Items from a data source
:::::
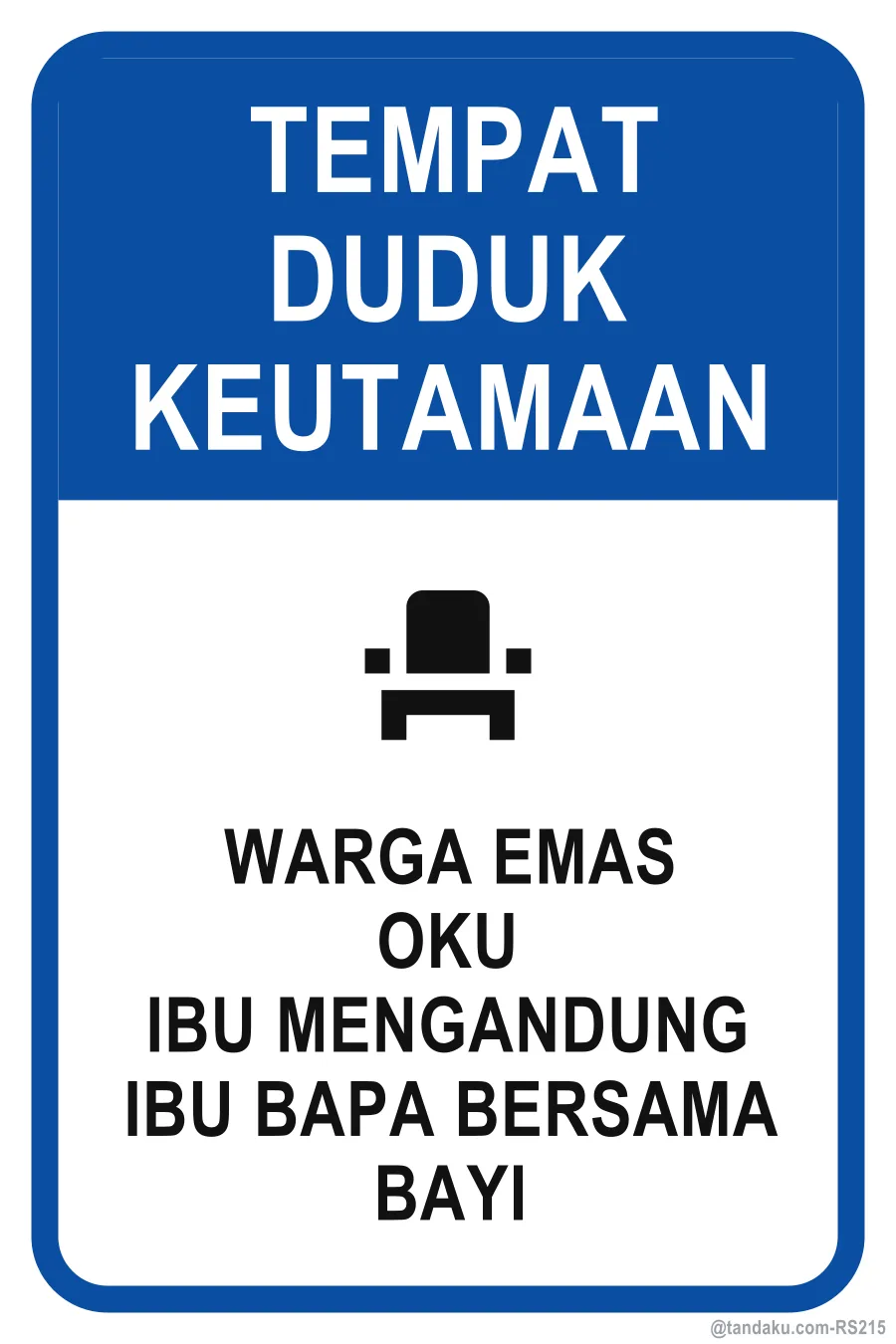 PRIORITY SEATING — Bahasa Malaysia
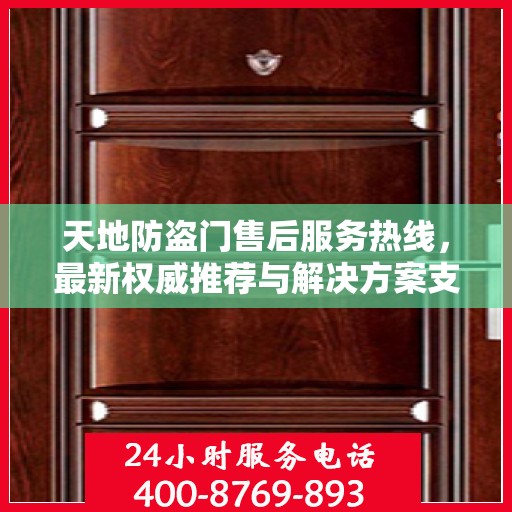 天地防盗门售后服务热线，最新权威推荐与解决方案支持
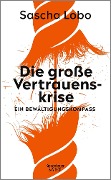 Die große Vertrauenskrise - Sascha Lobo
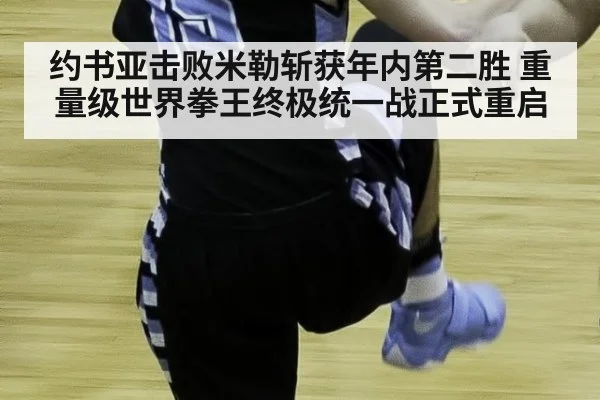 约书亚击败米勒斩获年内第二胜 重量级世界拳王终极统一战正式重启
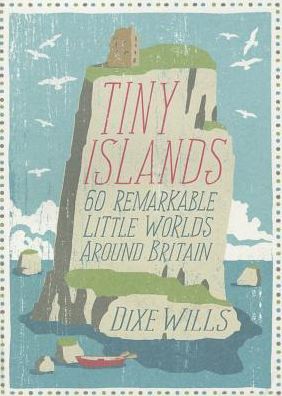 Cover for Dixe Wills · Tiny Islands: 60 Remarkable Little Worlds Around Britain (Paperback Book) (2013)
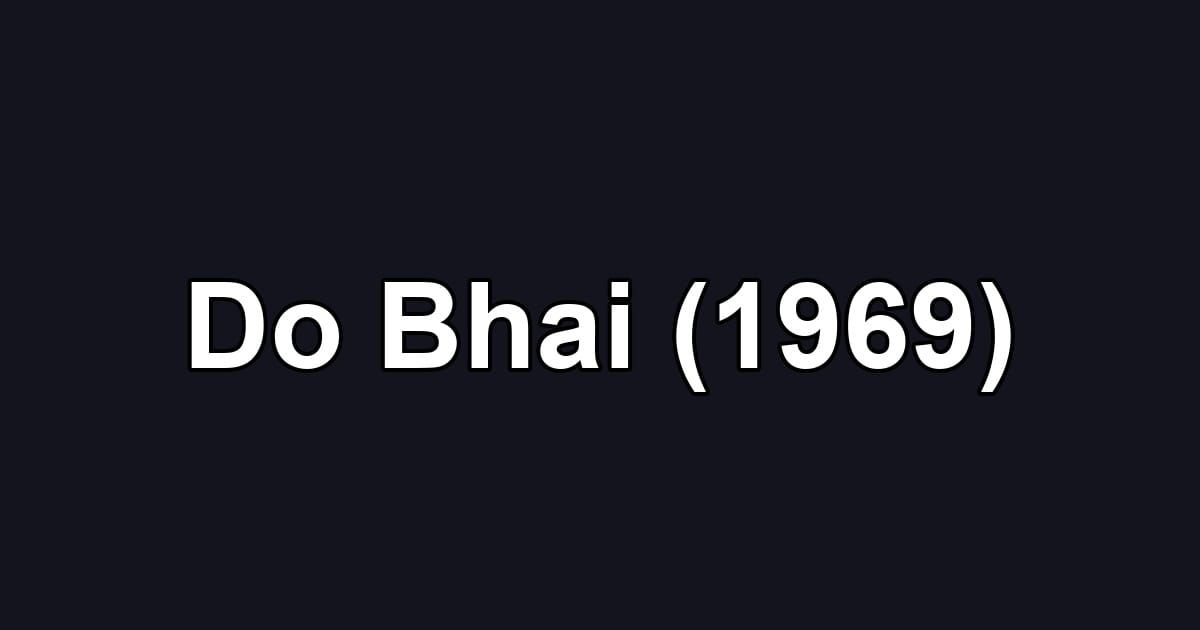 Do Bhai (1969)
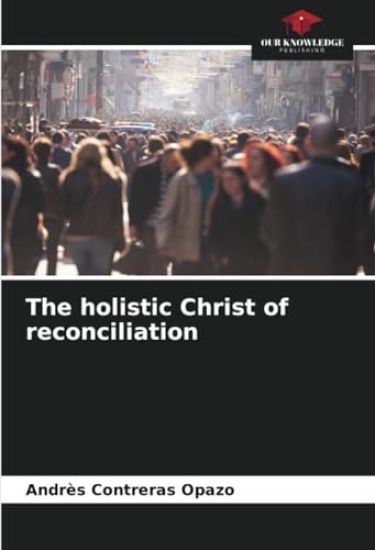 The holistic Christ of reconciliation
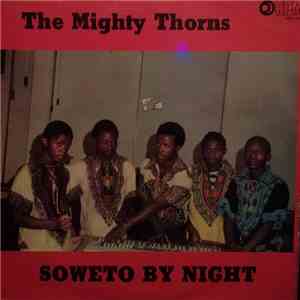The Mighty Thorns - Soweto By Night download free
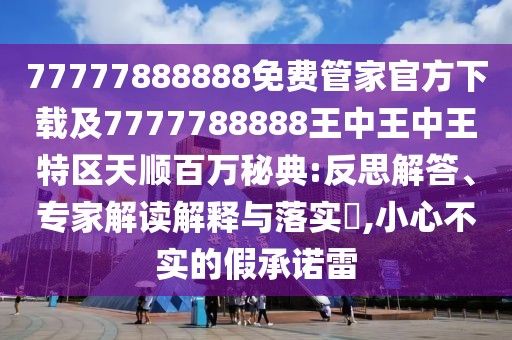 77777888888免費管家官方下載及7777788888王中王中王特區(qū)天順百萬秘典:反思解答、專家解讀解釋與落實?,小心不實的假承諾雷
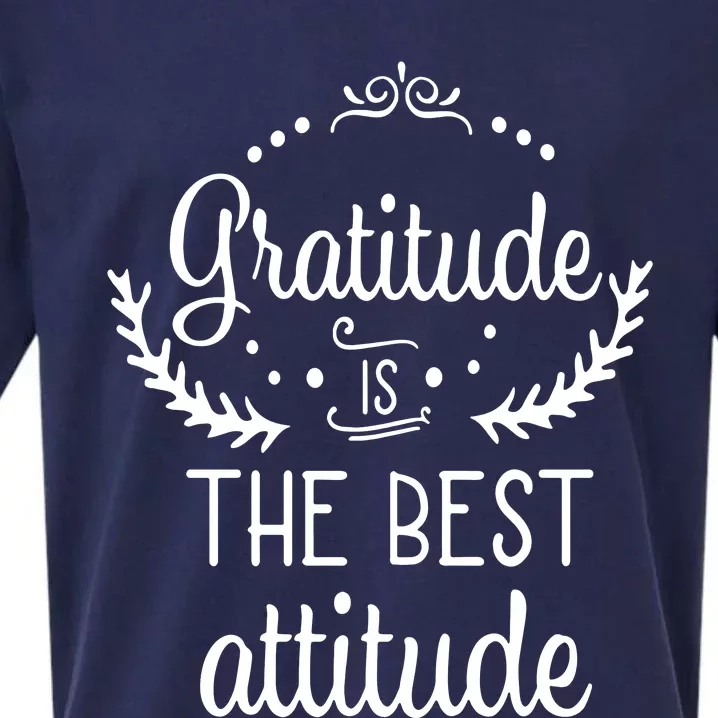 Gratitude Is The Best Attitude Sueded Cloud Jersey T-Shirt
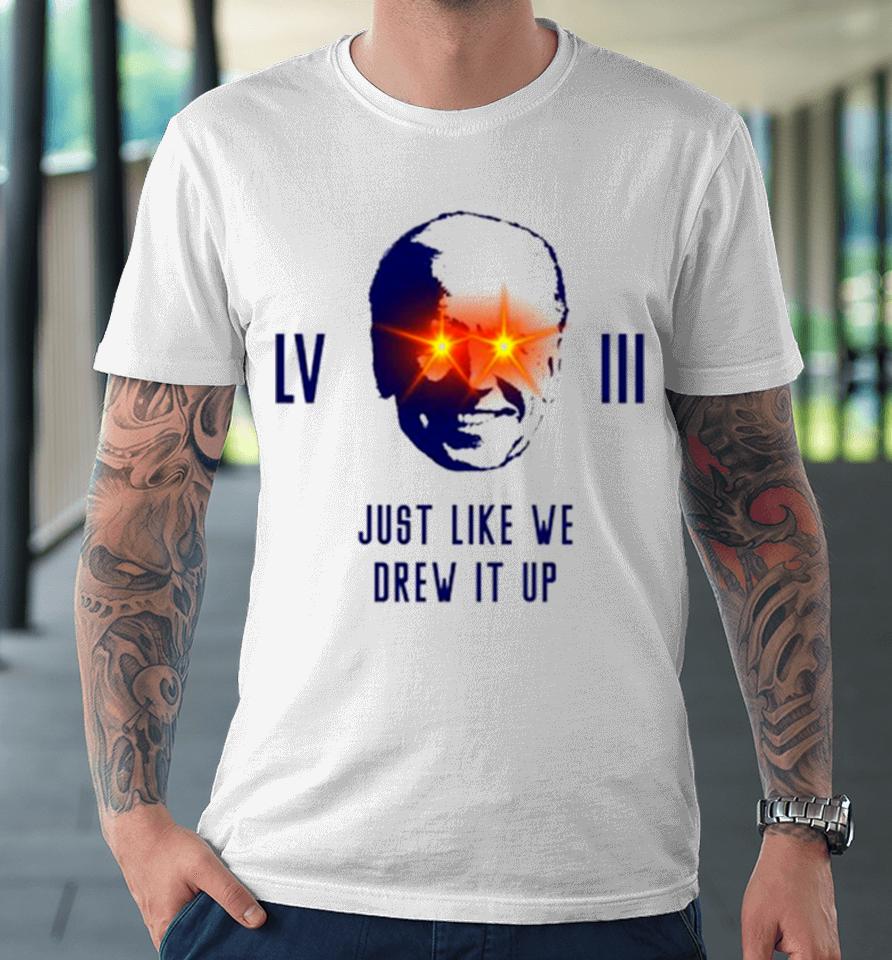 Joe Biden Lviii Just Like We Drew It Up Premium T-Shirt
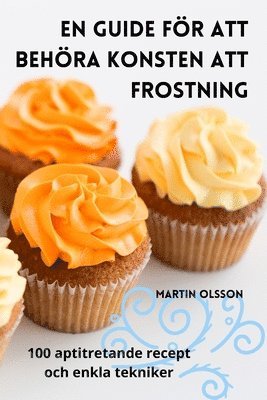 Martin Olsson - En Guide För Att Behöra Konsten Att Frostning, Häftad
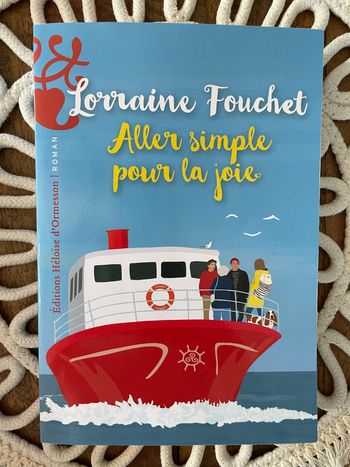 Lorraine Fouchet -  Aller simple pour la joie
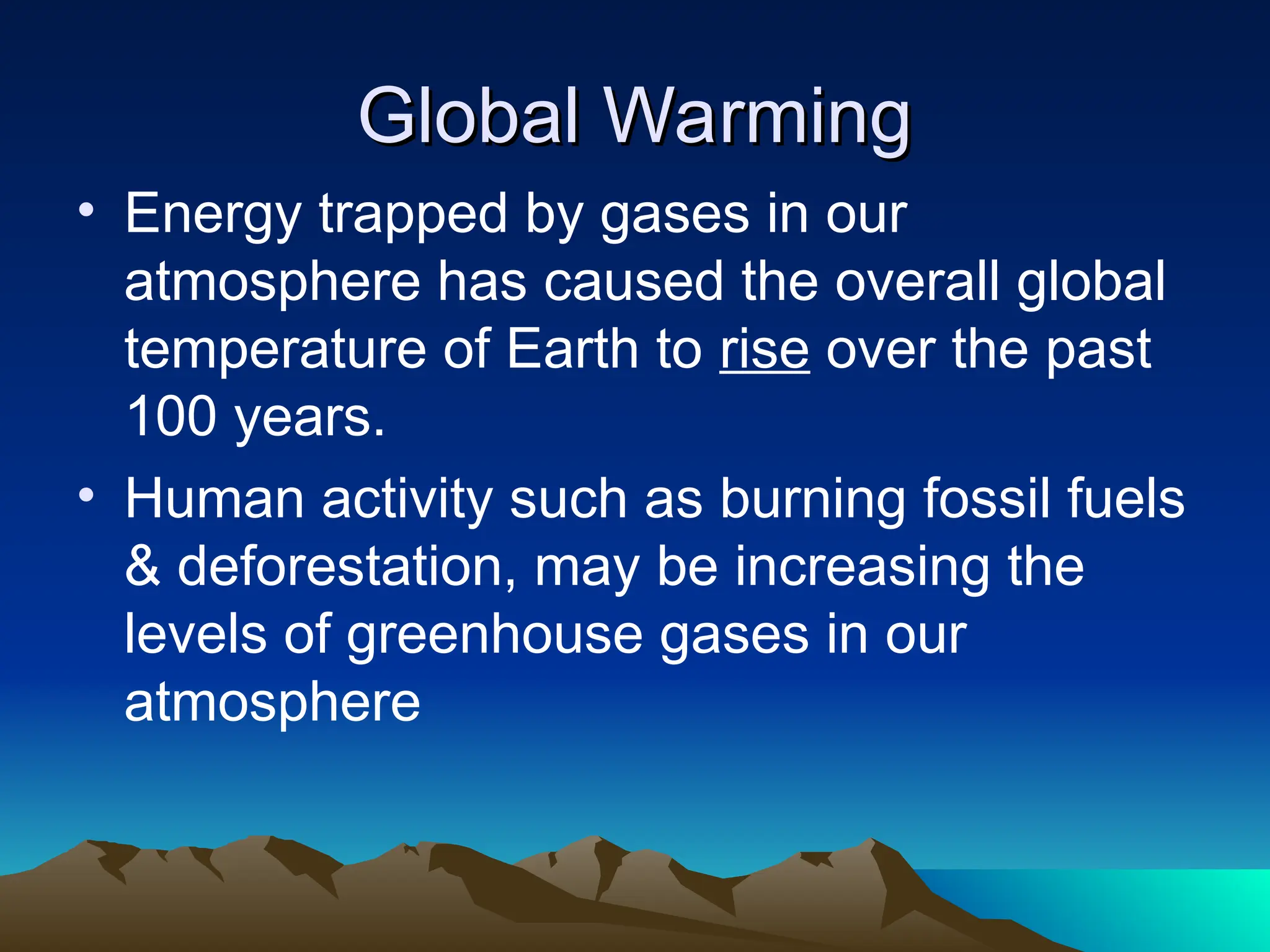 Global Warming
Global Warming
• Energy trapped by gases in our
atmosphere has caused the overall global
temperature of Earth to rise over the past
100 years.
• Human activity such as burning fossil fuels
& deforestation, may be increasing the
levels of greenhouse gases in our
atmosphere
 
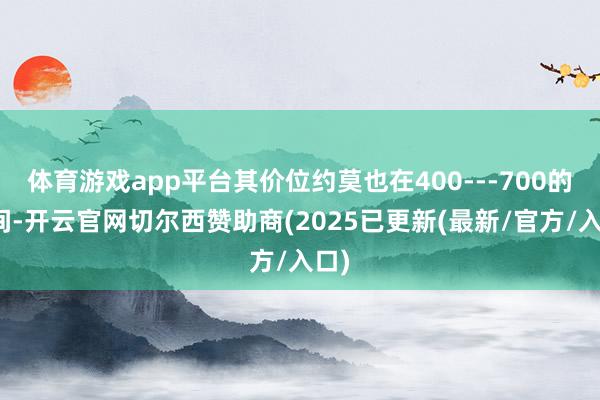 体育游戏app平台其价位约莫也在400---700的区间-开云官网切尔西赞助商(2025已更新(最新/官方/入口)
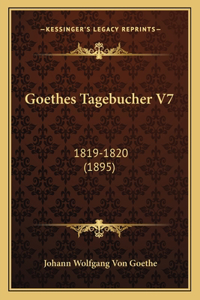 Goethes Tagebucher V7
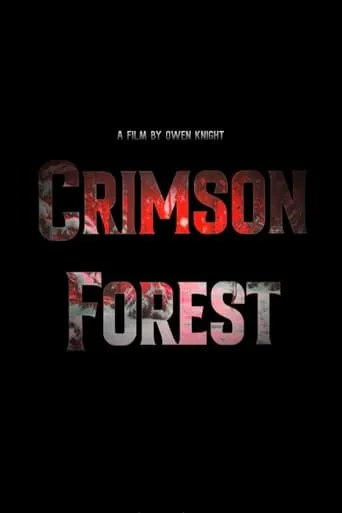 Crimson Forest movie poster - Rated 6.2/10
:::::
Lines with "atmosphere" in them are what the answer must contain; copy each from the records above.

atmosphere has caused the overall global
atmosphere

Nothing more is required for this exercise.